Je n'ai connu de Beaumont que l'archevêque de Paris,210-a digne d'être archevêque du diable, si cet esprit malfaisant existait, et qu'on lui rendît un culte. Je connais beaucoup Beaumont l'avocat,210-b respectable par son éloquence, par ses mœurs, surtout par la générosité courageuse avec laquelle il a soutenu la cause de la vertu opprimée; je n'ai pu lui refuser mon estime. Pour l'abbé de Beaumont210-c dont vous me parlez, je ne le connais que par le discours que vous avez eu la bonté de m'envoyer. Ce bon abbé me coupe la parole; il s'est malheureusement avisé de dire des choses si obligeantes, si flatteuses sur mon sujet, qu'il ne me reste qu'à l'admirer et à me taire.210-d Ah! mon cher d'Alembert, répétons quelquefois avec le bon Salomon les paroles les plus sensées qui lui soient échappées : Vanités des vanités! vanité de la gloire! L'homme est un atome noyé dans l'océan de l'éternité; le moment de sa naissance touche à celui de sa mort; le moins vicieux est le plus parfait; il passe ses jours à élever ou à détruire. Un être de cette espèce mérite-t-il un panégyrique? Passe encore qu'on perpétue les noms de ceux qui nous ont appris à labourer, à moudre, à pétrir, à étancher notre soif par des liqueurs bienfaisantes; passe qu'on éternise la mémoire de ceux qui persuadèrent aux hommes de sacrifier une partie de leur intérêt au bien de la société. Mais les autres, qu'en dirai-je? Ils n'ont été loués qu'à cause qu'ils ont fait du bruit, et leurs enthousiastes sont les premiers à purifier leurs appartements de guêpes et de frelons, parce qu'ils piquent en bourdonnant, tandis qu'ils ne touchent pas aux mouches, parce qu'elles sont plus tranquilles. Ceci n'est point dit à l'égard de la bonne Thérèse, qui, sortie du purgatoire par l'efficace des messes dites pour son <189>repos, dévide maintenant son rosaire en paradis. Ces guêpes, ces frelons désignent un certain habitant des bords de la mer Baltique auquel vous rendîtes visite il y a une vingtaine d'années.

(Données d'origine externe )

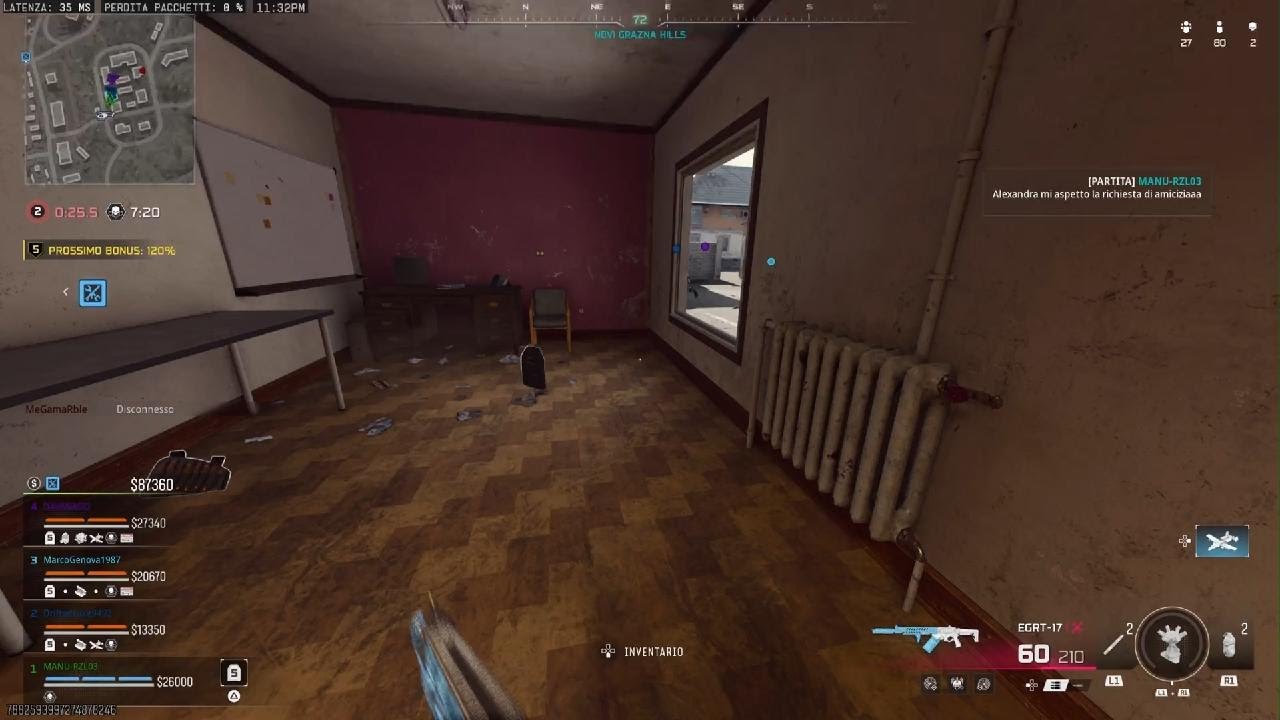 CALL OF DUTY WARZONE 5: povera Alexandra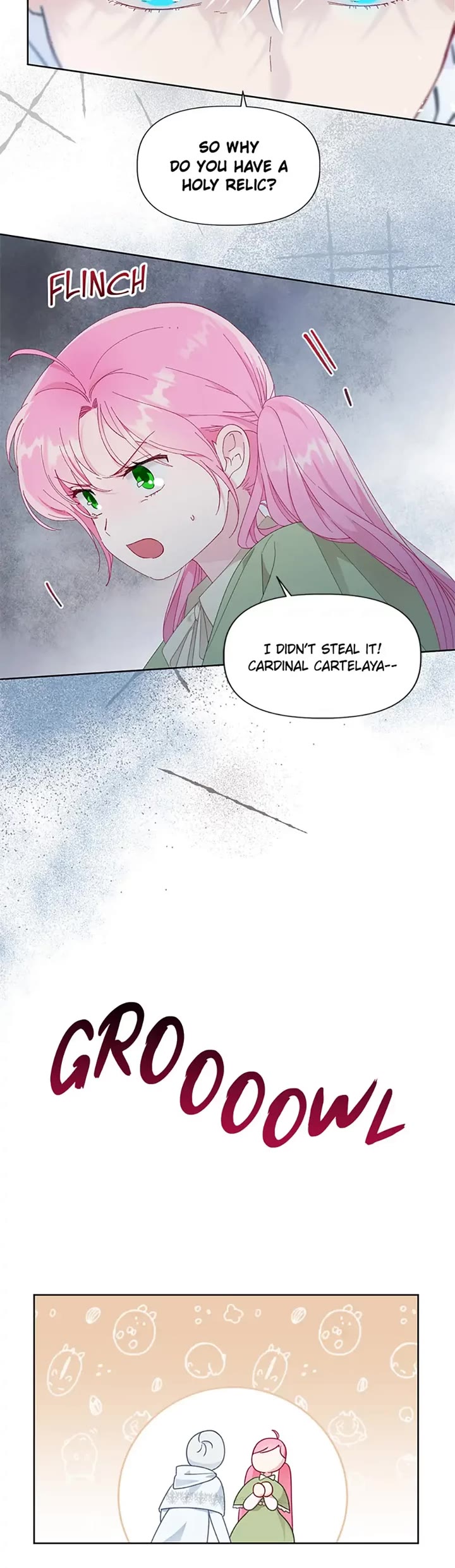 The Perks of Being an S-Class Heroine Chapter 23 page 10 - Chapter 23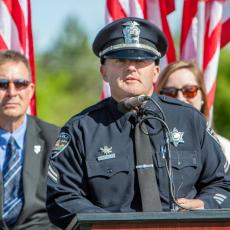 2017 Candlelight and Memorial Service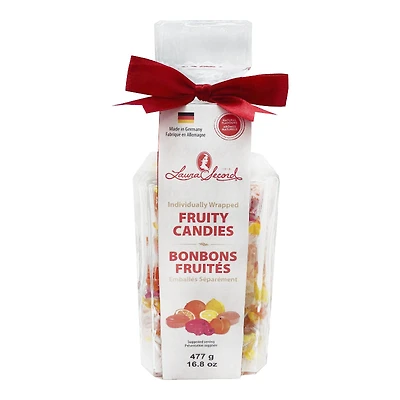 Laura Secord Glass Bottle Candy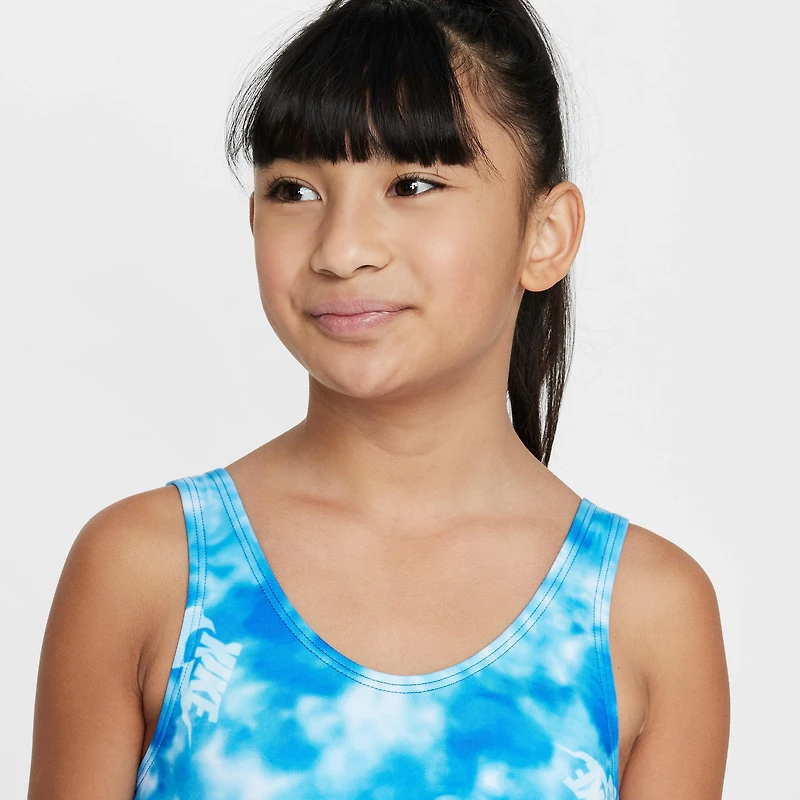 Nike Swim Big Kids' (Girls') U-Back One-Piece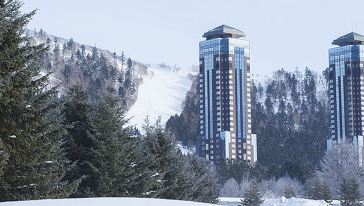 【中文用车】北海道新千岁机场至星野度假村专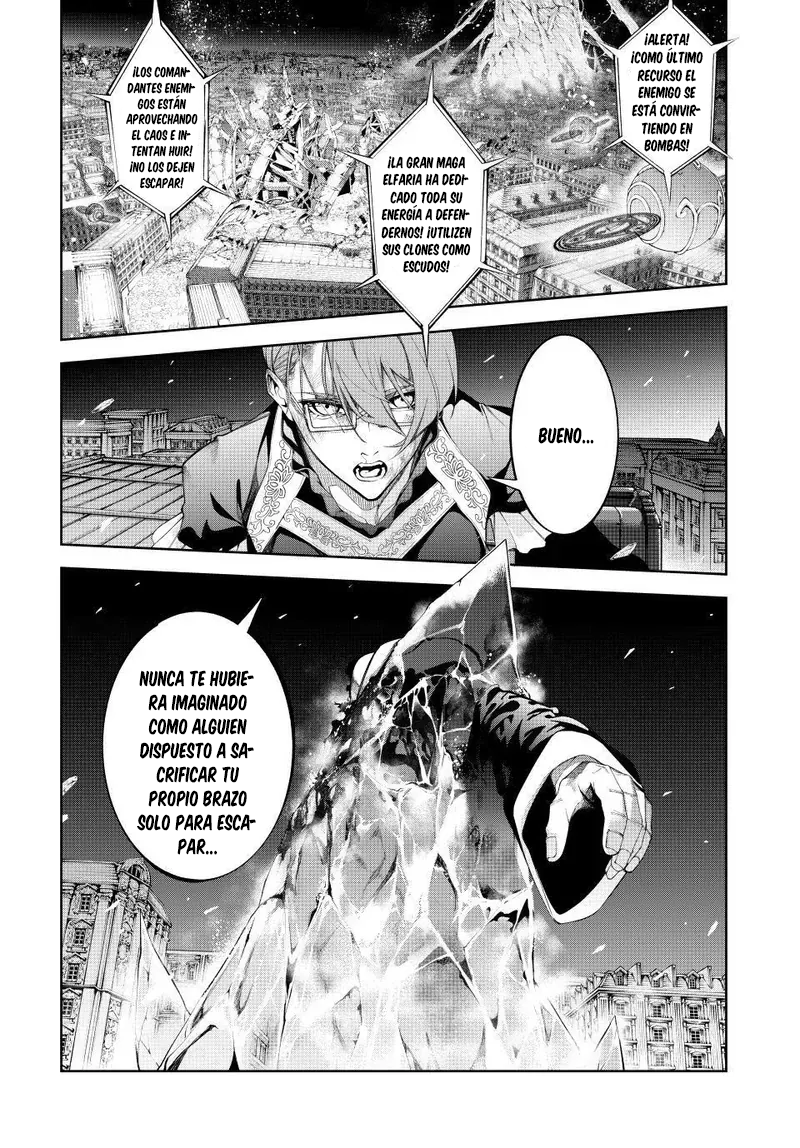 Read Wistoria Wand and Sword Manga Online es Manga Online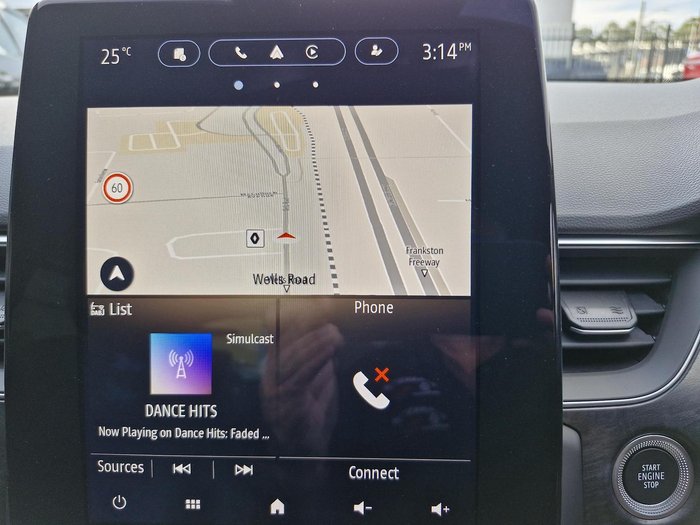 2024 Renault Arkana Esprit Alpine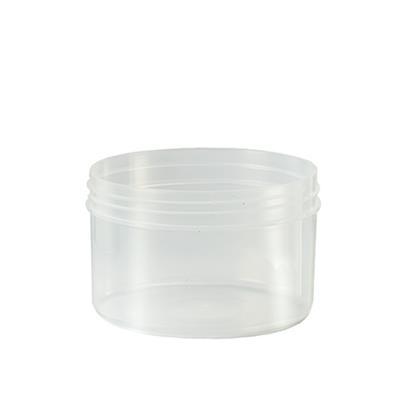 Spruyt Hillen Tabletflacon 400ml transparant met dop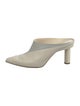 Tibi Leather Mules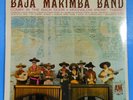 BAJA MARIMBA BAND SELF VINYL LP 1964  SEALED  MINT A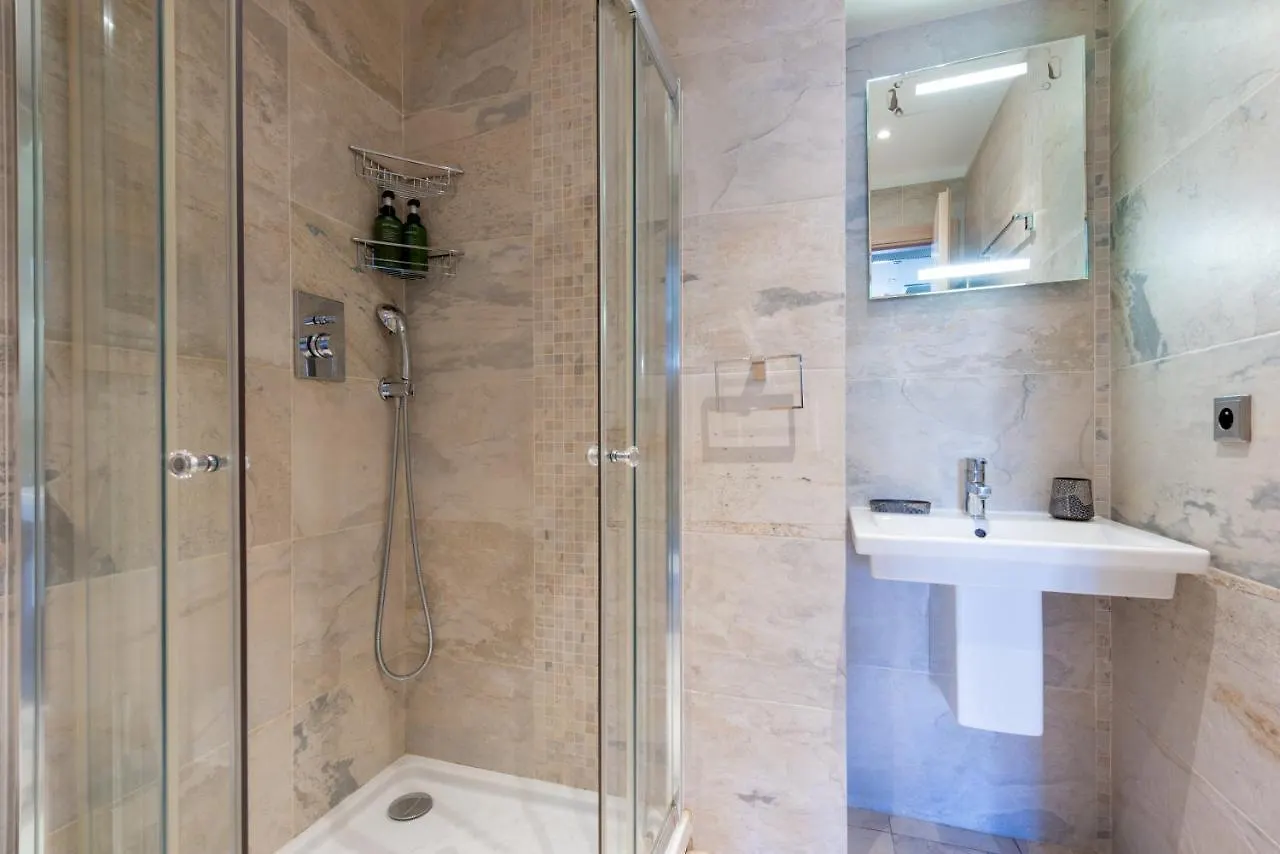Victor Hugo - Modern And Sunny, Terrace, 2 Baths Apartment Nice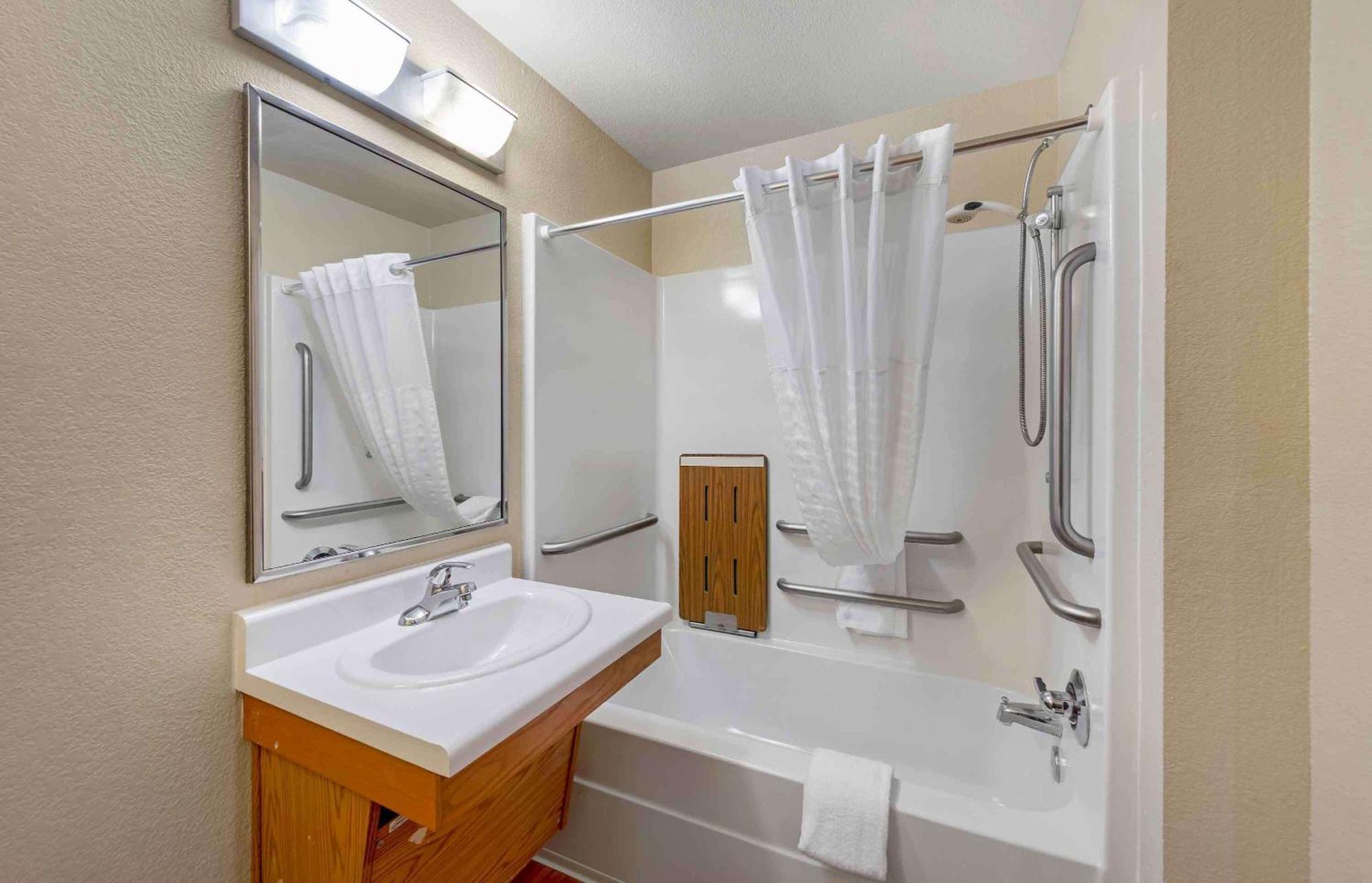Extended Stay America Select Suites - Fayetteville - Cliffdale Kültér fotó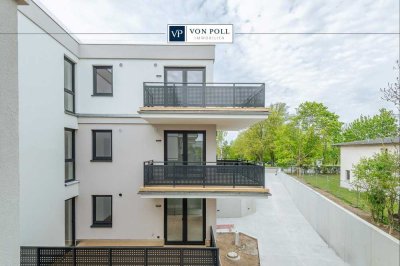 Altersgerechte 3-Zimmer-Wohnung | 1. OG | Erstbezug | Aufzug | Gäste-WC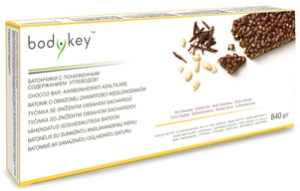 Amway Bodykey Karbonhidrat Azaltlm ikolatal Bar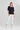 Lara Top - Blue Velvet - Tee VERGE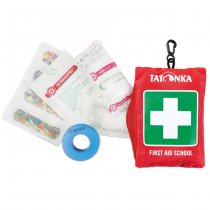 Tatonka First Aid School - Red
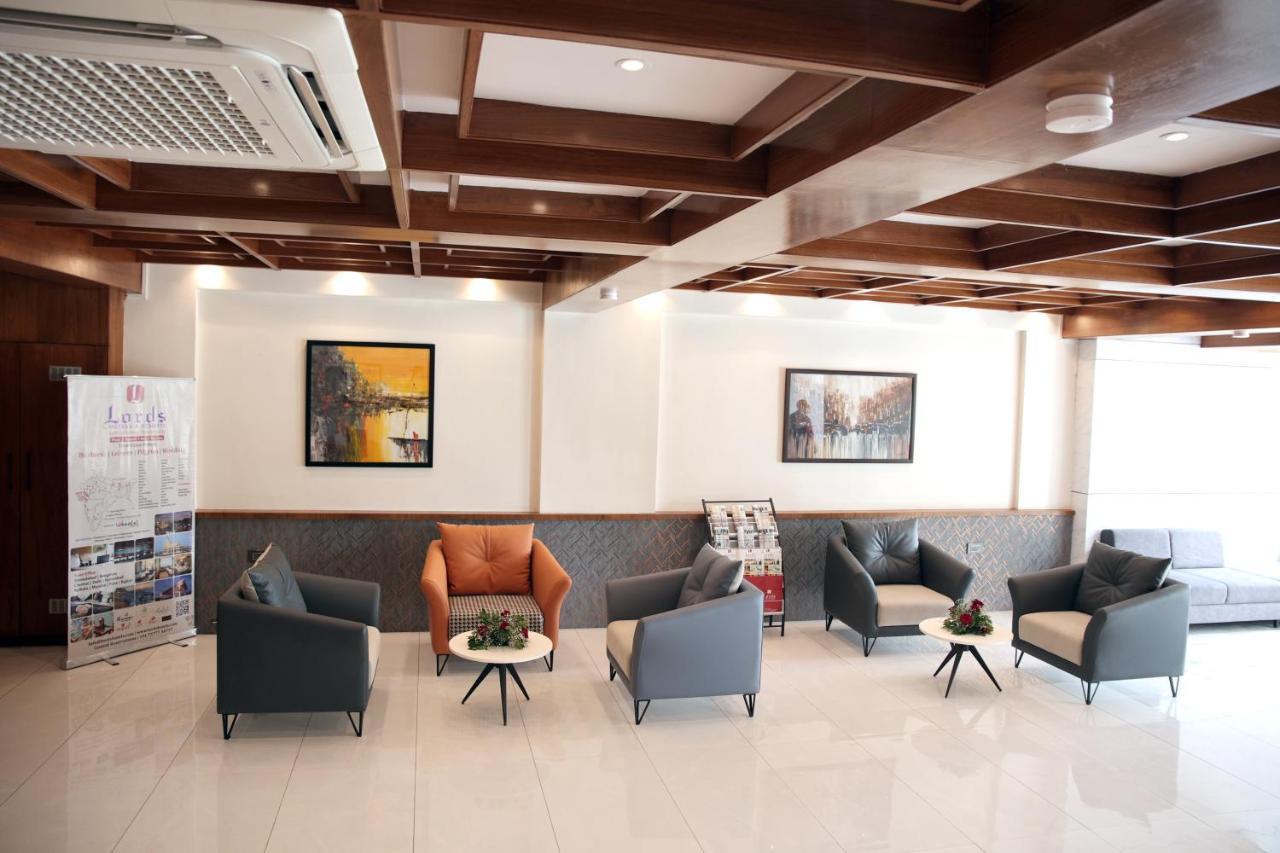 Lords Eco Inn, Ambaji 외부 사진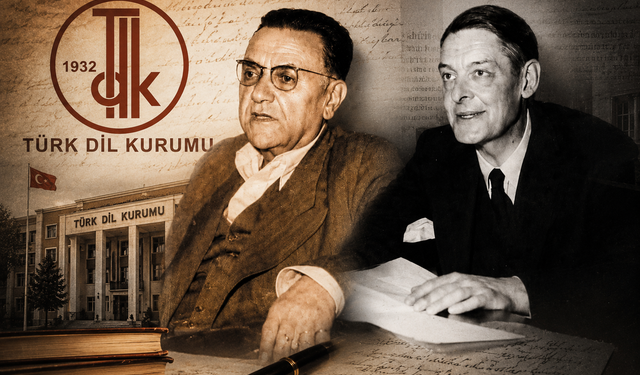 TDK skandalı! Nurullah Ataç diye yıllarca başka şairin fotoğrafını paylaşmışlar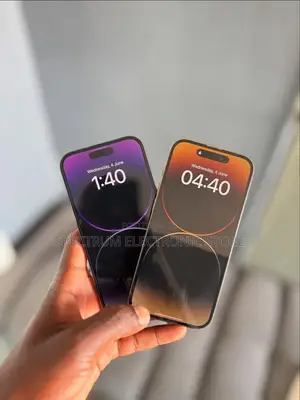 New Apple iPhone 14 Pro Max 256 GB Purple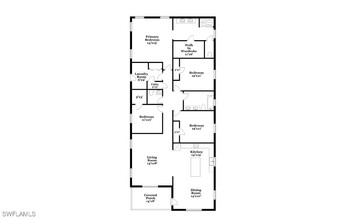 1113 Morton St E in Lehigh Acres, FL - Building Photo - Building Photo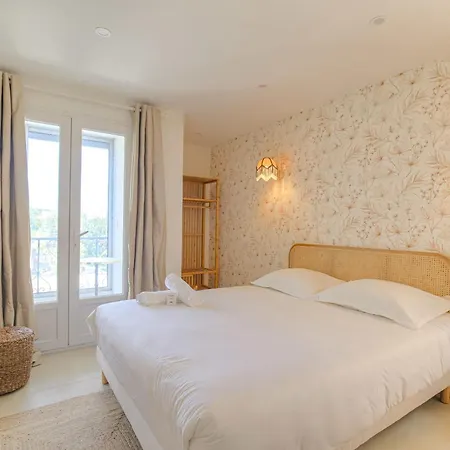 Apartment Design Et Cosy De Standing Venissieux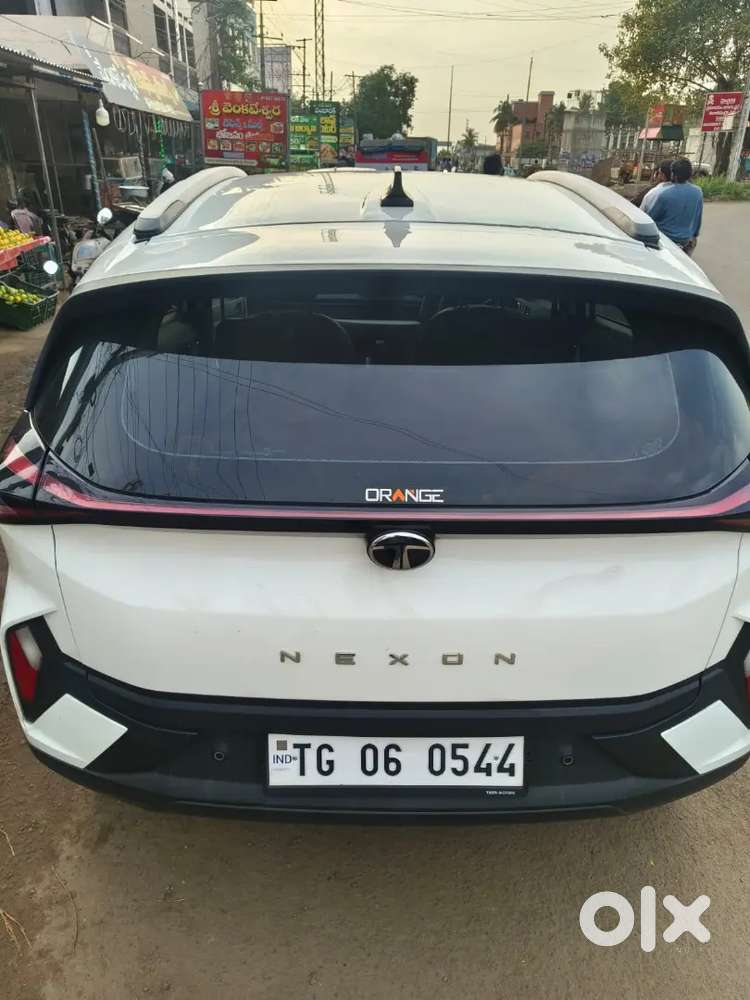 Tata Nexon Petrol Manual 2024 Variant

Ces jours passés, je lisais ces vers :

César n'a point d'asile où son ombre repose,
Et l'ami Pompignan croit être quelque chose!211-a

Je répète souvent ces vers, surtout lorsque des bouches ou des plumes éloquentes distillent un encens élaboré et subtil qui entête et bouleverse une pauvre cervelle dépourvue de philosophie. Si les prêtres crient incessamment de leurs chaires : Point de raison! point de raison!211-b je voudrais qu'on dît tous les jours aux princes : Point d'orgueil! point d'orgueil! souviens-toi que ta première habitation a été entre l'intestinum rectum et la vessie.211-c Je conviens que si les Quélus, les Maugiron, les Luynes,211-d le vieux duc de Richelieu, en un mot, les courtisans de vos rois, avaient tenu des propos semblables à leurs maîtres, la fortune de ces favoris en eût été moins brillante; mais peut-être Henri III aurait moins persécuté les hérétiques, Louis XIII aurait plus ménagé le sang de ses sujets, il se pourrait que Gênes n'eût pas été bombardée sous Louis XIV, que la chambre de réunion n'eût pas été érigée, et que les Hollandais fussent demeurés en paix l'année 1672; et ç'aurait été un gain pour la pauvre humanité. C'est aux grands philosophes comme vous à prononcer sur des réflexions ébauchées par un pauvre Tudesque; en attendant, ma monade salue la vôtre, et la prie, toutes les fois qu'elle voudra penser à cet être qui végète au bord de la Sprée, de se servir du tube de l'abbé de Beaumont, et de ne voir à travers que le beau fantôme que ledit abbé a créé. Sur ce, etc.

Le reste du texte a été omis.